Despite many recent advances in cancer detection and treatment, more than half a million U.S. cancer patients die from their disease each year. Unfortunately, substantial societal, health care system, provider, and patient barriers prevent these individuals from obtaining optimal end-of-life care, according to a literature review supported in part by the Agency for Healthcare Research and Quality (HS08395). K. Robin Yabroff, Ph.D., M.B.A., Jeanne S. Mandelblatt, M.D., M.P.H., and Jane Ingham, of the Lombardi Cancer Center at Georgetown University identified and reviewed the barriers to optimal end-of-life care for cancer patients.

The researchers found that societal attitudes towards cancer and death and the medicalization of end-of-life care impede optimal end-of-life care for cancer patients. System barriers range from cost-containment efforts and fragmented coverage of end-of-life care by insurers to increased reliance on informal caregiving by family and friends, regulatory restrictions on pain management, and lack of coordinated end-of-life services. Provider barriers include poor provider-patient communication, delayed referrals to specialists or hospice care, limited ability to recognize and treat common symptoms of advanced cancer, and lack of training in palliative care.
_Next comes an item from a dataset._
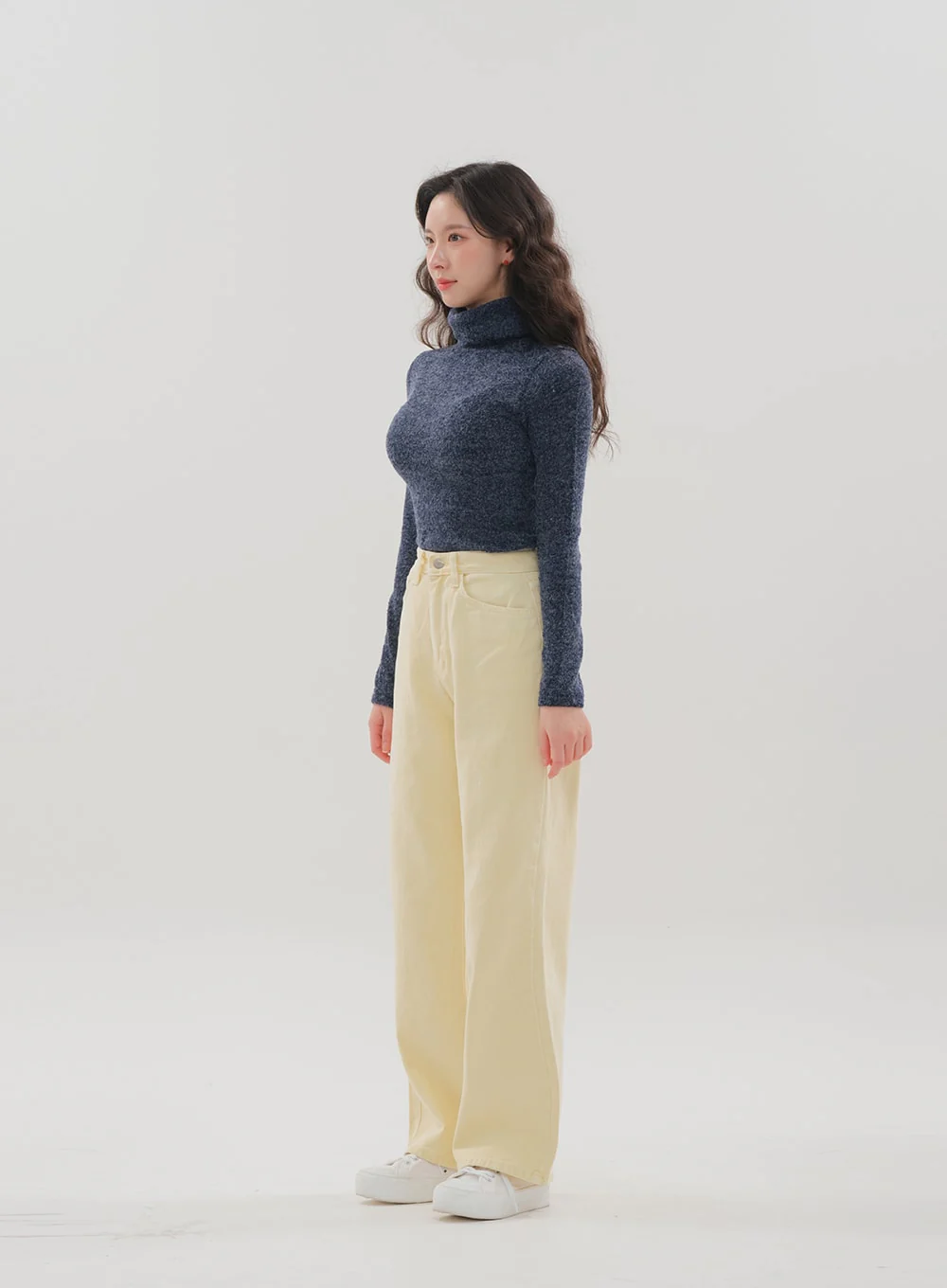 Color Wide Leg Pants B1801 - Image 21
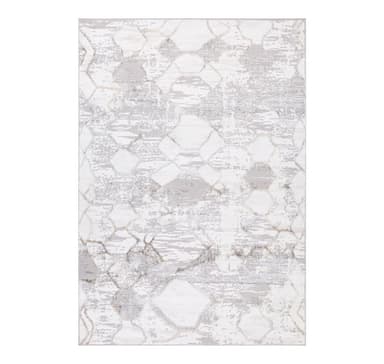 Matta SALAMANCA-3, 200x285cm, silver/vit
Key patient-level barriers include the patients' inability to confront death, reluctance to accept the sick role, fear of side effects or becoming addicted to pain medications, and the lack of health insurance or inadequate coverage. The researchers stress how important it is for physicians to communicate with patients and their families about prognosis and the risks and benefits of treatment, to develop clear and informed treatment goals that are consistent with patient and family goals of care, and to deliver services that are consistent with treatment goals and quality of life.
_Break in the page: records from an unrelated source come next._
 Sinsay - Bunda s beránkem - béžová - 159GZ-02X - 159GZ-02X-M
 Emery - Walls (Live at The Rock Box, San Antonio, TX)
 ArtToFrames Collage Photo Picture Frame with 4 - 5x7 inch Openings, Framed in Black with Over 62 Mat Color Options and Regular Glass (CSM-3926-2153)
See "The quality of medical care at the end-of-life in the USA: Existing barriers and examples of process and outcome measures," by Dr. Yabroff, Ph.D., M.B.A., Dr. Mandelblatt, and Jane Ingham, M.B.B.S., in the April 2004 Palliative Medicine 18, pp. 202-216.

Editor's Note: Another AHRQ-supported study on a related topic found that mailing health care proxy and living will forms and literature to patients before an appointment at which their physicians received a reminder about advance directives yielded a small but significant improvement in completion of these documents.

See Heiman, H., Bates, D.W., Fairchild, D., and others (2004, September). "Improving completion of advance directives in the primary care setting: A randomized controlled trial." (AHRQ grant HS11046). American Journal of Medicine 117, pp. 318-324.